Of the lines below, write out exactly those from the line with "Bastoncini di salsiccia" through the line with "Round Cut Solitaire", both included, and skip the rest.

Data for the task
**********

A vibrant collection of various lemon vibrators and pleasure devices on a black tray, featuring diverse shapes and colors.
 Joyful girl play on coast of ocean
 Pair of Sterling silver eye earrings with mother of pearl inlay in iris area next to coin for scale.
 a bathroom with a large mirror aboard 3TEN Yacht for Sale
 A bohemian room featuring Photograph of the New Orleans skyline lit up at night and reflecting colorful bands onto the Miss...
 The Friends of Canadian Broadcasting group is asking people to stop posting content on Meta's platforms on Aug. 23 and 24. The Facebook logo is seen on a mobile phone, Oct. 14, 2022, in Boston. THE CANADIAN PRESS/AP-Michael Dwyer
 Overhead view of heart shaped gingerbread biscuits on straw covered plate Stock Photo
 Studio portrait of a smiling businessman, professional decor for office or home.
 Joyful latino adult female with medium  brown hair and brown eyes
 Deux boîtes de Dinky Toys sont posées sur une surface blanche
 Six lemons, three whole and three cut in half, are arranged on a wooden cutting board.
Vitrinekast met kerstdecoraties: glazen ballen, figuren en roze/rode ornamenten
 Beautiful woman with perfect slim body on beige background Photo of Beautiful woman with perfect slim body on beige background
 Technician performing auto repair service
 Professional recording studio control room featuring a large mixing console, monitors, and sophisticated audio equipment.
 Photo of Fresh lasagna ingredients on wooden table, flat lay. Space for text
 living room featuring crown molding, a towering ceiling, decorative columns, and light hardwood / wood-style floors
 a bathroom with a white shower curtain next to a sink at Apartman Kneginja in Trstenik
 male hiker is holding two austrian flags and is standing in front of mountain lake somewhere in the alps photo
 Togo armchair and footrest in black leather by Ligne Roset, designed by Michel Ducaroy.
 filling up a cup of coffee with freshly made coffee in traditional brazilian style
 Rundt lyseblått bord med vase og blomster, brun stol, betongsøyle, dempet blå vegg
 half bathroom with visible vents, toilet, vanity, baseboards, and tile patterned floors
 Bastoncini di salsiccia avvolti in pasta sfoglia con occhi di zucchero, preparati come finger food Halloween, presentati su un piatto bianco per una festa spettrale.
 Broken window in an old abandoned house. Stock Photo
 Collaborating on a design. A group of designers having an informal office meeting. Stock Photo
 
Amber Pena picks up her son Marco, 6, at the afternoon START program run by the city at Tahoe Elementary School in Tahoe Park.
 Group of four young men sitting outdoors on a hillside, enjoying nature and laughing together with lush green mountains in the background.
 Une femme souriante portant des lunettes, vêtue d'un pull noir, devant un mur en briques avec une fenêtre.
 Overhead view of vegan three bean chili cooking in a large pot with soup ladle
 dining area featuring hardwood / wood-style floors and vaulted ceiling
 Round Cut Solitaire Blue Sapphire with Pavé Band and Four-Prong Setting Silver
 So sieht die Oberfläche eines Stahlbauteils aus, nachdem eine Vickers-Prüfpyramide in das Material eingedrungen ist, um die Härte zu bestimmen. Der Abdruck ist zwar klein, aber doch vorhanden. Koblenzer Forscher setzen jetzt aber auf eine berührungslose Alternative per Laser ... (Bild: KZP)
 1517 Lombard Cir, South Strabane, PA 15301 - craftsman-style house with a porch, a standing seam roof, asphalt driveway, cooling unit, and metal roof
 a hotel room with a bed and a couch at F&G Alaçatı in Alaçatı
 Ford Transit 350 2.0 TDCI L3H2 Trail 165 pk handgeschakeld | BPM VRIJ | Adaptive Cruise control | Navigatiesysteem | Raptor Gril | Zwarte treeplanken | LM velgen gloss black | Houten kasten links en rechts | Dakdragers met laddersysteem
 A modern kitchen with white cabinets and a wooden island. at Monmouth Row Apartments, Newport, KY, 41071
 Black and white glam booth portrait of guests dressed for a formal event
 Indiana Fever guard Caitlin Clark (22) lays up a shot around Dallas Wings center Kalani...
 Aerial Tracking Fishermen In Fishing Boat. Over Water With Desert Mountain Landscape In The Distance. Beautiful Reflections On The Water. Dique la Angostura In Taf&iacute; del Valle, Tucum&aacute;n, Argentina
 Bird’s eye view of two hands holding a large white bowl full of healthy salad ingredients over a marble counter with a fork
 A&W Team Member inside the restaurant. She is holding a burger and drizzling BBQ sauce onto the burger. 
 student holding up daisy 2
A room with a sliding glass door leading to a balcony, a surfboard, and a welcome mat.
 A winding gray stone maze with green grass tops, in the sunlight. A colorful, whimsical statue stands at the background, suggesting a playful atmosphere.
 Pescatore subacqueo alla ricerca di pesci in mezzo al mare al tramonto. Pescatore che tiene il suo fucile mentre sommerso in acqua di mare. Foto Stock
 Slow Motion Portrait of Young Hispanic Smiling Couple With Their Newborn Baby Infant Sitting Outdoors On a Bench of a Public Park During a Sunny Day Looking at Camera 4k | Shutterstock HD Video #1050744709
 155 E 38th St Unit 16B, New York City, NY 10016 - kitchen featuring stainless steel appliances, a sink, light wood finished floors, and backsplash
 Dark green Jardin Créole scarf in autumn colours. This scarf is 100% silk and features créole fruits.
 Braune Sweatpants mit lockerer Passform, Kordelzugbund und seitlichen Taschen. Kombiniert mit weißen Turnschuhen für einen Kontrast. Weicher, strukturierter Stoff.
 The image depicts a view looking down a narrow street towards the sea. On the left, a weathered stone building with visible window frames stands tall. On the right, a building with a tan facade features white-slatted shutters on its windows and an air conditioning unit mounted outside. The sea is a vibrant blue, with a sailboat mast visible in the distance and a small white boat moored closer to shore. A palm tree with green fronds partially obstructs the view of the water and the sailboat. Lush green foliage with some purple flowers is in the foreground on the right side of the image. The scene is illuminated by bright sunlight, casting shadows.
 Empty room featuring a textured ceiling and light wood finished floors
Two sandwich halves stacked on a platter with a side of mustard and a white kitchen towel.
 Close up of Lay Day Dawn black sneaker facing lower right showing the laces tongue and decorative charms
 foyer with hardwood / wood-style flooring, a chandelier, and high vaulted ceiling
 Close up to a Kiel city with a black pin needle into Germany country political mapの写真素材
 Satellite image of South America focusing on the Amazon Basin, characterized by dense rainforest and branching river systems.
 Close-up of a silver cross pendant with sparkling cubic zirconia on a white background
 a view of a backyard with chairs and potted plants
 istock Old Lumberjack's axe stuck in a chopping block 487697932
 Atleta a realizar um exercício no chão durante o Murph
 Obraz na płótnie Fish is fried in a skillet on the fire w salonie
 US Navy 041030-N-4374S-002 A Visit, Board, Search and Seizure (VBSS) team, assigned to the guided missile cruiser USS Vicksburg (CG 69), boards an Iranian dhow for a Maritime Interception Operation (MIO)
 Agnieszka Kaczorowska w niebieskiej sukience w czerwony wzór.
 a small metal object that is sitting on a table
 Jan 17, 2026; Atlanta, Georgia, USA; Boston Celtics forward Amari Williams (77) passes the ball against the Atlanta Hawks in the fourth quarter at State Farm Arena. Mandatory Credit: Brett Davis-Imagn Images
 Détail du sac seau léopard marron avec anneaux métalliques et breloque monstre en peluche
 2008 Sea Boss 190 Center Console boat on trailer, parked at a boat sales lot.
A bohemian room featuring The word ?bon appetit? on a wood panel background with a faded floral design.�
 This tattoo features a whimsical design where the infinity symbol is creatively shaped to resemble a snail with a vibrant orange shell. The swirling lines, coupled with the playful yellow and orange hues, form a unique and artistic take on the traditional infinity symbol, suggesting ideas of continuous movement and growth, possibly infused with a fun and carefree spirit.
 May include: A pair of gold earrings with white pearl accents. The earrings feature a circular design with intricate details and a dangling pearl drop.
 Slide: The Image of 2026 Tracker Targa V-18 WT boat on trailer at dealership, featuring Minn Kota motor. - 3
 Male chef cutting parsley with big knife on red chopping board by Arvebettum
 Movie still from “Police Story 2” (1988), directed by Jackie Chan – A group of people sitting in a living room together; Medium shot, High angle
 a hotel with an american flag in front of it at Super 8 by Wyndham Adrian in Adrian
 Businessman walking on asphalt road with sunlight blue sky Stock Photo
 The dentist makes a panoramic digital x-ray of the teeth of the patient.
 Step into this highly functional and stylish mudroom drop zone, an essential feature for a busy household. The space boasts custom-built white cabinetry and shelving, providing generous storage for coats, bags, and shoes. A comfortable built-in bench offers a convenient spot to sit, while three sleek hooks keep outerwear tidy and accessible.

**********

Reply
 Bastoncini di salsiccia avvolti in pasta sfoglia con occhi di zucchero, preparati come finger food Halloween, presentati su un piatto bianco per una festa spettrale.
 Broken window in an old abandoned house. Stock Photo
 Collaborating on a design. A group of designers having an informal office meeting. Stock Photo
 
Amber Pena picks up her son Marco, 6, at the afternoon START program run by the city at Tahoe Elementary School in Tahoe Park.
 Group of four young men sitting outdoors on a hillside, enjoying nature and laughing together with lush green mountains in the background.
 Une femme souriante portant des lunettes, vêtue d'un pull noir, devant un mur en briques avec une fenêtre.
 Overhead view of vegan three bean chili cooking in a large pot with soup ladle
 dining area featuring hardwood / wood-style floors and vaulted ceiling
 Round Cut Solitaire Blue Sapphire with Pavé Band and Four-Prong Setting Silver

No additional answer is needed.